How to remedy a series of errors with SEP IRA contributions

Taxpayer deducted the following SEP IRA contributions on the following returns:

2017 – $4,000
2018 – $7,000
2019 – $4,000

– Custodian applied the $4,000 contribution made on 9/14/18 to tax year 2018 but intended for tax year 2017 by taxpayer
– Custodian applied the $7,000 contribution made on 8/15/19 to tax year 2019 but intended for tax year 2018 by taxpayer

In all tax years, the maximum allowed contributions are more that the above flat stated amounts. Taxpayer elected to round the contributions to flat numbers. The custodian thinks this is a traditional IRA and applied the contributions to the year received since it they were both post April 15th.

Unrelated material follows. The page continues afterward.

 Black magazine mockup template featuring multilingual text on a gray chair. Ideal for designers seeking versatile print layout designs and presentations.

Now we have a 2017 return that has a $4,000 tax deduction with no contribution applied for that tax year; the 2018 return has an overstated deduction of $3,000 and 2019 return is over funded by $3,000.

Additionally, the taxpayer recently sent sent in $4,000 recently (2020) to be applied to tax year 2019 and the custodian is saying that 2019 is already funded.

What a mess?



This is a mess, but how messy and expensive to correct depends on the specific facts and circumstances.

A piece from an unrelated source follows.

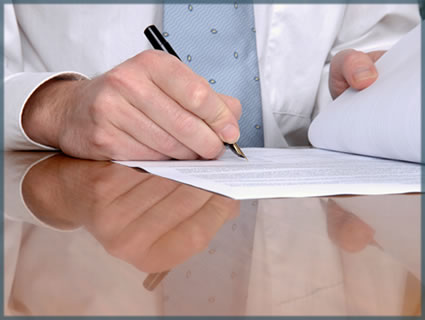 a business man signing papers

  • What do you mean by the custodian “thinks” this is a traditional IRA? The custodian “knows” whether an account is a SEP IRA or traditional IRA by which account type the account owner opened. If the account owner opened a traditional IRA and didn’t adopt a SEP IRA plan and open a SEP IRA, it is a traditional IRA. The following assumes this is in fact a traditional IRA account.
  • While you can make traditional IRA contributions to a SEP IRA if;
  • the custodian supports traditional IRA contributions in a SEP IRA and
  • the SEP IRA account owner declares them as traditional IRA contributions
  • You can NOT make SEP IRA contributions to a traditional IRA. If this was a traditional account, IRA these are traditional IRA contributions regardless what the taxpayer intended and regardless of the Self-employed SEP, SIMPLE, and qualified plans” deduction claimed.
      • As traditional IRA contributions
      • The first $4,000 is a 2018 traditional IRA contribution.
      • The $7,000 is a 2019 traditional IRA contribution.
      • The second $4,000 is either a 2019 excess contribution or if the custodian is so inclined can be treated as a 2020 contribution
    • To the degree these were excess traditional IRA contributions in any year because of the rounding, they should be treated as excess contribtutions. However, if married spousal contribution rules may allow the full amount.
    • Are the taxpayer and their spouse if married active participants in an employer retirement plan. Continuing the assumption that the taxpayer has not made SEP IRA contributions, they are not an active participant based on the traditional IRA contributions. They would only be an active participant with regardless to an employer retirement plan of an unaffiliated employer.
    • Standard rules apply to deductibility of the traditional IRA contributions.
    • The bottom line. If these are traditional IRA contributions, 2017, 2018 and if filed 2019 tax returns would have to be amended to remove the SEP IRA deduction.
    • To the degree there are excess contributions for 2017 and 2018, Form 5329 would have to be filed for each year, with a 6% excise tax dues on the excess amount which would accumulate and carry forward into 2019. 2019’s contribution limit would need to be adjusted by the amount carried forward and any excess contributions and earnings removed by the extended due date (10/15/2020). A 2019 Form 5329 would have to be filed relecting the reconciiation of the excess contribution balance with available contribution space. Any excess contribution for 2020 would have to be removed with earnings.
    • Then to the degree deductions are allowed for the 2018, 2019 traditional IRA contribtions, the returns would need to be amended/filed with those deductions.
    • Any 2018 non-deductible amount would have to be reported on a 2018 Form 8606 to track the non deductible basis. Any 2019 or 2020 non-deductible amount could be removed with earnings by the respective extended due date (10/15) or reported a 2019 or 2020 Form 8606 to track the non deductible basis.
    • If in fact the IRA custodian is wrong and this really is a SEP IRA. Then the custodian does not determine the year of contribution, the taxpayer does by which year they take the deduction. This assumes the filed for an extension each year. Otherwise the entire contribution would be an excess contribution. If they did file the extensiona and the IRA custodian acknowledges this is a SEP IRA then you still have the excess contributions by the rounding up to even thousands (who would think that was ok?). That is whole other different mess



      Adding to the mess – the custodian may not understand 5498 reporting, but the IRS will be at least partially guided by those forms. On a 5498 the custodian indicates whether a contribution is a SEP contribution or a TIRA contribution. SEP contributions are reported for the year IN WHICH the contribution is made regardless of which year the taxpayer chooses to deduct it, but a TIRA contribution is reported for the year in which the taxpayer indicates it is for in situations where the contribution is made from 1/1 to 4/15 and could be assigned by the taxpayer and custodian to either the current year or prior year.  Occasionally, certain messes become so bad, it is better to just wait to see what the IRS comes up with and hope it isn’t too bad.